18 Logical interpretation of Cinque’s table: preliminaries
Several notes are needed in advance.
1. The following logical interpretation does not cover the very fact of the hierarchy existing between the functional heads. Thus, we will consider the rows of Cinque’s table in an arbitrary order.
2. Our interpretation will miss the first row (the area of speech act distinction: declarative [indicative], interrogative, imperative, and so on). We are interested in the internal modal structure only, which is the same regardless to this kind of grammatical distinction.

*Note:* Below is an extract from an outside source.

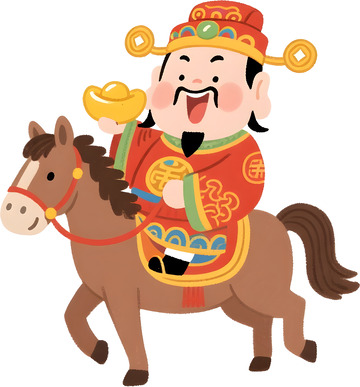 喜庆马年财神爷拿着元宝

3. In the original Cinque’s table, there are four rows which are repeated twice with the only distinction in number, either “I” or “II”: repetitive, frequentative, celerative, and completive aspects (“completive I” is meant for both completive-sg and completive-pl). The I-rows and the II-rows differ in the area of quantification only, over either acts (I-rows) or events (II-rows). For both series, the logical structure is the same, and so, we do not differ between them.
4. Thus, the following interpretation is referring to a simplified Cinque’s table: without the first and the four last rows and with an arbitrary rows’ order.
пока что напишу сюда и такое: ))
5. I am very sorry to acknowledge that right now, I don’t know what to do with the Voice row, either. Very probably, it will be not fitting my system, alike the first Cinque’s row. But I will ponder when writing the following stuff, and so, let’s see.
19 Logical interpretation of Cinque’s table: binary oppositions
Cinque follows the structuralist tradition, especially Roman Jacobson, in discerning between “default” and “marked” values of each operator (“functional head,” in his terms). These binary oppositions proved to be useful in various kinds of linguistic analysis, but they were never “deduced” from any logical abstraction.
Seeing from logic’s corner, we are prepared to encounter, in these binary oppositions, some confusion between generalized quantifiers. Indeed, we have seen that for a large branch of logic, the logic of preferences, the quantifiers of ‹1, 1, 1› type form binary oppositions. Moreover, the triplet structures formed by ‹1, 1› type quantifiers look sometime as binary oppositions, too (not to say that these triplets belong to the complete squares of the quantifiers, and we know a priori nothing about the possible linguistic role of the internal negation). The “true” binary opposition looks as A vs B; a binary opposition that is a fragment of the triplet ABC looks as either A vs B or B vs C, that is very similar, but with an important implication of being a part of the triplet structure as a whole.
Such considerations we need to have in mind when approaching empirical binary oppositions of Cinque with a theoretical tool of logical analysis.